Sharapova is likely to face a major threat from Venus Williams in the third round. Sharapova leads the head-to-head 4-3, and won their most recent match in Rome last year, the only match they’ve played since 2009. Williams proved last year she still has the ability to beat top players, but as the younger player with more consistent high-level results, Sharapova should win. If Williams’ form or energy level are off, she could also lose to the crafty Galina Voskoboeva in the first round, or the all-court fighter Marina Erakovic in the second.
Dominika Cibulkova should beat 16-year-old Ashleigh Barty in the first round without much trouble. Barty has unusually well-developed all-court skills for such a young player, but so far has been unable to match the power or competitiveness of opponents at the WTA tour level. Cibulkova should have another easy match in the second round against either Mandy Minella or a qualifier. In the third round she’s likely to face a harder test against either Shenzhen finalist Klara Zakopalova or Hobart semifinalist Kirsten Flipkens. Flipkens has improved her all-court game and shown new confidence over the last few months. Zakopalova was in excellent form last week, trading deep, high-powered groundstrokes with Li in a 3-set final, but withdrew from doubles this week in Hobart with an ankle injury after fading in a three-set singles loss to Pironkova.
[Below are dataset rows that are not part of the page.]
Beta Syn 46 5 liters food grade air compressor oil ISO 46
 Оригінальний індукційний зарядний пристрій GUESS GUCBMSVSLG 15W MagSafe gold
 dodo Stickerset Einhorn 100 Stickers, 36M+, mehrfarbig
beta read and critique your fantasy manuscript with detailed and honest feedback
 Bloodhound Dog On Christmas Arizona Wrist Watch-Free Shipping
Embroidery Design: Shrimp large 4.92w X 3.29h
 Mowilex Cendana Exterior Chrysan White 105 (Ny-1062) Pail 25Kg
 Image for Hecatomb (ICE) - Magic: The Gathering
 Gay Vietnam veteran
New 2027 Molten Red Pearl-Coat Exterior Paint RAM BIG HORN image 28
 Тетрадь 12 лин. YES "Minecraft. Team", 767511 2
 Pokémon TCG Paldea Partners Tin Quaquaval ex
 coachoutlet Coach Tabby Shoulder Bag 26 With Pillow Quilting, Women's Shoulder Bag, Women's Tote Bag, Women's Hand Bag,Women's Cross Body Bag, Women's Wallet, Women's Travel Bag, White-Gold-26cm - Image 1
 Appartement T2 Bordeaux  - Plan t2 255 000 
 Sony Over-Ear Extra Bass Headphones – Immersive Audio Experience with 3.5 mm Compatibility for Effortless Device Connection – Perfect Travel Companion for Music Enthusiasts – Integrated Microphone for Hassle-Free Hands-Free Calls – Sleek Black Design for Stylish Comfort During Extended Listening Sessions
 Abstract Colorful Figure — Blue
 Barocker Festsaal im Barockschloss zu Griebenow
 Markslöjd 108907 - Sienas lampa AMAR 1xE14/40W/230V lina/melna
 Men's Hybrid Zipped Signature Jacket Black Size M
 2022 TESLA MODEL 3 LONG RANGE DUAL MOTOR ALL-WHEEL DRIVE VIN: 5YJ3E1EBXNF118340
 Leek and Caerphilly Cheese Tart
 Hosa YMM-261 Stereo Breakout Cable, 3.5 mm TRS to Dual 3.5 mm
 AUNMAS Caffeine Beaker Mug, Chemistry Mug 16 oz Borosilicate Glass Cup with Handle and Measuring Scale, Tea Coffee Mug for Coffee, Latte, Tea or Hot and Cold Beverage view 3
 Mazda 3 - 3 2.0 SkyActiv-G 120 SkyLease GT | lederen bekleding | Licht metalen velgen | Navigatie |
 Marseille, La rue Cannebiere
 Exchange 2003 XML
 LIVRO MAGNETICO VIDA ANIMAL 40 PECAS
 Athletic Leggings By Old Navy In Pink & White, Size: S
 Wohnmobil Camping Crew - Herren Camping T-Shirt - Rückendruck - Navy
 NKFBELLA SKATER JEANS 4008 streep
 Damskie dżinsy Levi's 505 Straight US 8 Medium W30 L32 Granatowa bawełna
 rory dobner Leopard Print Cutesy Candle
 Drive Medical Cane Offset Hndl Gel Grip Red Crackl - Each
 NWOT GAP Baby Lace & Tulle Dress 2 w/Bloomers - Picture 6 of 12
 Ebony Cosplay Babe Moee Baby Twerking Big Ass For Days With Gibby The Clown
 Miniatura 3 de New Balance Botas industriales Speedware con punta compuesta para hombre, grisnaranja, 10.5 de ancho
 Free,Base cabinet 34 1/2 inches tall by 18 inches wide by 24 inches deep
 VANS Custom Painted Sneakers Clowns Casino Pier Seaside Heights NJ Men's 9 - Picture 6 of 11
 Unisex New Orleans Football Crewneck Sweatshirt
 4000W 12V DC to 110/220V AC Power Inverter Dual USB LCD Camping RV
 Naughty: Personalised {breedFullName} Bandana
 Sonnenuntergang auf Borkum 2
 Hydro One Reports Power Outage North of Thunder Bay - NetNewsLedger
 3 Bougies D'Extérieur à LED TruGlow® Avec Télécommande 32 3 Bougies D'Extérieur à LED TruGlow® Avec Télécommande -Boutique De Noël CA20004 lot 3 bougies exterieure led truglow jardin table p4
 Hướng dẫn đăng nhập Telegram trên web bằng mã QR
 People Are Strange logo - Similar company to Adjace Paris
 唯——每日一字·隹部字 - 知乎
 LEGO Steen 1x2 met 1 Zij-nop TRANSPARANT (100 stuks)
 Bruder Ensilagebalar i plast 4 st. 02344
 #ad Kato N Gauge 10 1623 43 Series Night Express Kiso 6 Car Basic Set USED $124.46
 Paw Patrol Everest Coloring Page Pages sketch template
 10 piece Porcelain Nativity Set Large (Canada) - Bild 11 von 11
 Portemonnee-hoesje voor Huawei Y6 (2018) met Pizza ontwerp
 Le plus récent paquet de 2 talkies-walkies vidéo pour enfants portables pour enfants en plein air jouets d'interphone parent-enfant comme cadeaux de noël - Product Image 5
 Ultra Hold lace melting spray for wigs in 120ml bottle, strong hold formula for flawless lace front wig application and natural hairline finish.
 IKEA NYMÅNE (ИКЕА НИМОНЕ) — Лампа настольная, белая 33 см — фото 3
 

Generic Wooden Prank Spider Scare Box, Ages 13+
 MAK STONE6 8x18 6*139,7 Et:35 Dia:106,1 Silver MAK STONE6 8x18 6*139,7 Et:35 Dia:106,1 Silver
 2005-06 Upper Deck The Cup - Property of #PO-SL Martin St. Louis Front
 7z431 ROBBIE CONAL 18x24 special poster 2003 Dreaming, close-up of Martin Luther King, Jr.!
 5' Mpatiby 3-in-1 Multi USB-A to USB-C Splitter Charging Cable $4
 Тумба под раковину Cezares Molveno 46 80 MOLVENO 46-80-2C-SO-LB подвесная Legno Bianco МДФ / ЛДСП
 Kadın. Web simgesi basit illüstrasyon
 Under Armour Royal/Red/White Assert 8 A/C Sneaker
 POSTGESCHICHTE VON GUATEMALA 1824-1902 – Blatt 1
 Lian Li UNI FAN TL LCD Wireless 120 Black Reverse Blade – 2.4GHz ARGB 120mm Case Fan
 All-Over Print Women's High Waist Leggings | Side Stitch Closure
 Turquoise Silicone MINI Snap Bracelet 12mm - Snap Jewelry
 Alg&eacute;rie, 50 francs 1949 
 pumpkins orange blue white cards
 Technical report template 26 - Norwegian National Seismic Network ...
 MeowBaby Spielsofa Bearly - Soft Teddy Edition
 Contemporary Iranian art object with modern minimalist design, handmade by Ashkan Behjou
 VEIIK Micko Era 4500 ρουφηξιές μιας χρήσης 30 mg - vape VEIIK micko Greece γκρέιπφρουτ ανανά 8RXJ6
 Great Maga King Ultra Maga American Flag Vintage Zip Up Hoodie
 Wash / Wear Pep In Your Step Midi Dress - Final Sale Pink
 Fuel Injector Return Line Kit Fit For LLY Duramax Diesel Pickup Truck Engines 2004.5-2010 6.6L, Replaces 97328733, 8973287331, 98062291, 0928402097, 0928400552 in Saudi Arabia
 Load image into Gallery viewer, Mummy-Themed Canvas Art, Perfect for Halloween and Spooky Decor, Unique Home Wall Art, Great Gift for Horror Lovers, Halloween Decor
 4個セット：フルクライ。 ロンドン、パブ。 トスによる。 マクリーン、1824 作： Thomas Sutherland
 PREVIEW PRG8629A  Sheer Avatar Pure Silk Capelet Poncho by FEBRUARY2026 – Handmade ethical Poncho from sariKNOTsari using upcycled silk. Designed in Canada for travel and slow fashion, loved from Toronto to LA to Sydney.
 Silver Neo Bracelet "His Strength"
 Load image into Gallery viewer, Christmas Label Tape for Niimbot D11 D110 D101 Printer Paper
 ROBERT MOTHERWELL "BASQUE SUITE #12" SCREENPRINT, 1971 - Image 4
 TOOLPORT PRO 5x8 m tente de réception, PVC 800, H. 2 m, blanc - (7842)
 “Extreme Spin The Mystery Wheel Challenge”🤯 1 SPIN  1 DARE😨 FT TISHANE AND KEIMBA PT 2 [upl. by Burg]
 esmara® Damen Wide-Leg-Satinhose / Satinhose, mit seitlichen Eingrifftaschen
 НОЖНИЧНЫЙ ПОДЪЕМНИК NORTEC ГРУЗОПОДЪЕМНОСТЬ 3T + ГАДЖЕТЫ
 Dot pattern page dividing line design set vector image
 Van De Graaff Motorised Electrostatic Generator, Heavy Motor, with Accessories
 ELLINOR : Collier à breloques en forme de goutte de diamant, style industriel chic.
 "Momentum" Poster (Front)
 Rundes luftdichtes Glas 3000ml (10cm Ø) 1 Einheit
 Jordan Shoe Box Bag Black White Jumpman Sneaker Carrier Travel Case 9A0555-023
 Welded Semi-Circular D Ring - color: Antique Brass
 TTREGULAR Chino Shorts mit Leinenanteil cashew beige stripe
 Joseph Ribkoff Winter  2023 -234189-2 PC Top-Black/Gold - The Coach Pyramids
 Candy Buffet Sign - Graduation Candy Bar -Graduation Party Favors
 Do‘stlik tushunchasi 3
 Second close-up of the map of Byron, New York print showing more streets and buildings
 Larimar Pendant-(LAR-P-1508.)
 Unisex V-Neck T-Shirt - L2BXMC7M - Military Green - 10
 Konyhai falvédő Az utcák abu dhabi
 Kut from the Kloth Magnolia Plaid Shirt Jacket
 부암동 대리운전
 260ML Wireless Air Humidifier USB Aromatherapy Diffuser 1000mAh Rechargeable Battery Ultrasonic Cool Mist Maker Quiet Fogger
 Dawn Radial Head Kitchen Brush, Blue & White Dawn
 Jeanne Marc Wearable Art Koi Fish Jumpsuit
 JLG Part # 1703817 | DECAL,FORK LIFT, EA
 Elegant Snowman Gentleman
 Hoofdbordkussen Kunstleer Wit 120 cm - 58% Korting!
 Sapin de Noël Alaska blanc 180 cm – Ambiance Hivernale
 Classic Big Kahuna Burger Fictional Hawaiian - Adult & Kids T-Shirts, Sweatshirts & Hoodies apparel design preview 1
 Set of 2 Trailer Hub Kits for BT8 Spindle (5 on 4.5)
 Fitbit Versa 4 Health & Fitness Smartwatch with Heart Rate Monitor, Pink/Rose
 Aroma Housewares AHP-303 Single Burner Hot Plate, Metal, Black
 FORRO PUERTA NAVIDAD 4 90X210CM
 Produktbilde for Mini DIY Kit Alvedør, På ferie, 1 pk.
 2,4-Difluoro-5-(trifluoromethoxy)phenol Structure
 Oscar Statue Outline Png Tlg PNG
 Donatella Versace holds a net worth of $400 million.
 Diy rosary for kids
Cibulkova has shown her best and worst sides already this year, using her power, courage, and footspeed to upset Kvitova and Kerber and reach the final in Sydney, where she then suffered an error-ridden 6-0 6-0 loss to Aga Radwanska. Hitting as hard and flat as she does from her modest height means her game rides on a razor’s edge. I expect her to reach the fourth round, but it she’ll probably need to have an exceptionally good day like she did against Kerber to beat Sharapova.
Predicted fourth round: Sharapova d. Cibulkova
Third most likely to reach the fourth round: V. Williams
Not to be counted out: Flipkens, Zakopalova
Unseeded Players Most Likely to Reach the Fourth Round
- Zheng J.
Azarenka d. Pavlyuchenkova
S. Williams d. Petrova
A. Radwanska d. Li
Sharapova d. Kerber
S. Williams d. Azarenka
Sharapova d. A. Radwanska
I may have gone out on a limb with a couple of my fourth-round predictions, but I’m hardly alone in predicting that:
Serena Williams will defeat Maria Sharapova for the 2013 Australian Open title.